Now that we are back in the 80s, did you know that the icon used besides the save button in numerous applications represents a physical storage format used in the 80s and early 90s?

floppy disks used in the 80s and 90s

Yes, as shown in the picture, floppy disks were exactly 5.1 inches big and had a storage capacity of 1.44MB. Back in the day, that storage capacity was enough to store relevant data in most applications, but nowadays, it looks very, very small. To see how small it was, the following figure represents the storage capacity of a floppy disk compared to the storage capacity of a 32GB SD card (which is actually not that big, but still enough to hold relevant data)

1.44 MB against 32GB in linear scale

The difference is so massive that it is not possible to represent both units of storage in the same linear scale. We can represent both in logarithmic scale to see how many orders of magnitude exist between both units of storage.

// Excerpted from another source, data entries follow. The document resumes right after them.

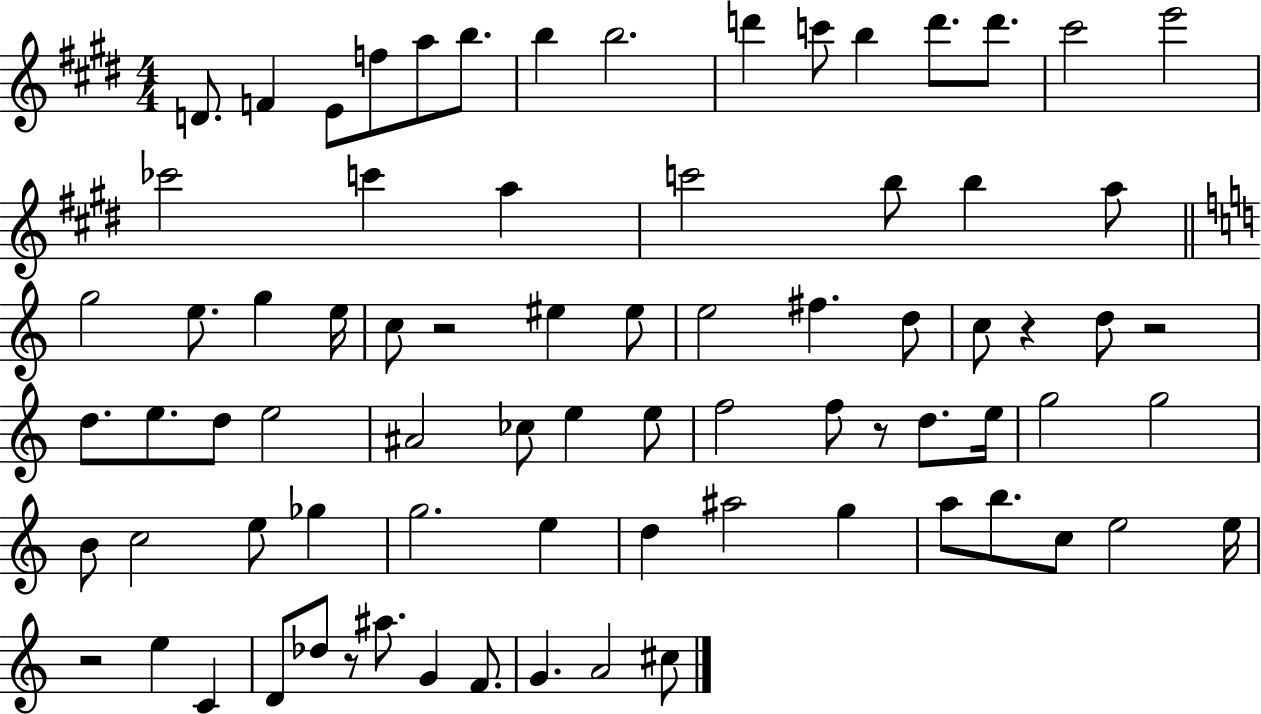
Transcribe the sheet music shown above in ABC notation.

X:1
T:Untitled
M:4/4
L:1/4
K:E
D/2 F E/2 f/2 a/2 b/2 b b2 d' c'/2 b d'/2 d'/2 ^c'2 e'2 _c'2 c' a c'2 b/2 b a/2 g2 e/2 g e/4 c/2 z2 ^e ^e/2 e2 ^f d/2 c/2 z d/2 z2 d/2 e/2 d/2 e2 ^A2 _c/2 e e/2 f2 f/2 z/2 d/2 e/4 g2 g2 B/2 c2 e/2 _g g2 e d ^a2 g a/2 b/2 c/2 e2 e/4 z2 e C D/2 _d/2 z/2 ^a/2 G F/2 G A2 ^c/2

1.44 MB against 32GB in logarithmic scale

In the figure, we added two dots, one to represent how many times the sun is larger than earth (since, as you know, the sun is way bigger than our home planet) and another one to represent how much bigger is a human compared to an ant (since we normally see the sun from really far away, this analogy might be easier to relate to). You can see that they are in the same order of magnitude! So, in few decades, programs have switched from dealing with data the size of insects 🐛 to data the size of mammals 🫏.

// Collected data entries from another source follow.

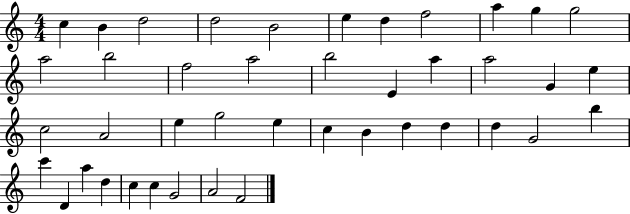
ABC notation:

X:1
T:Untitled
M:4/4
L:1/4
K:C
c B d2 d2 B2 e d f2 a g g2 a2 b2 f2 a2 b2 E a a2 G e c2 A2 e g2 e c B d d d G2 b c' D a d c c G2 A2 F2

Clearly, data manipulation and analysis has become increasingly relevant in our society, but also increasingly complex. We need efficient tools and processes to deal with data in our processes.

Tabular data¶

In many applications, data is organised in vectors that build up to rows and columns in matrices. These type of data is called tabular data and is normally stored in formats specifically defined to support its organisation in columns and rows.

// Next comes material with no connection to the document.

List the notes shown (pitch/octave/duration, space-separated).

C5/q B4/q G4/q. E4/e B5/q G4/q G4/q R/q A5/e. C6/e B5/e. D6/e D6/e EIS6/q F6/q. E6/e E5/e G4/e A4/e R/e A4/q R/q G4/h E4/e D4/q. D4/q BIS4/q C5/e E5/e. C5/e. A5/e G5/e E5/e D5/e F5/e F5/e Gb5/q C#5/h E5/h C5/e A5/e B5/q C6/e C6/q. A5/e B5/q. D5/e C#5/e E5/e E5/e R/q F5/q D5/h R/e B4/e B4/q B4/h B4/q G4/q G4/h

You are probably familiar with tables as a means to organize data, and used tools like Google Sheets or Microsoft Excel that have been specifically designed to deal with tabular data.

Normally, in these tables, each column contains data of a property, attribute, or parameter of interest for a particular application. Columns are also sometimes refer to as information fields or just fields. The type of the data contained in each column or field is not necessarily numeric, they can also contain dates, or text.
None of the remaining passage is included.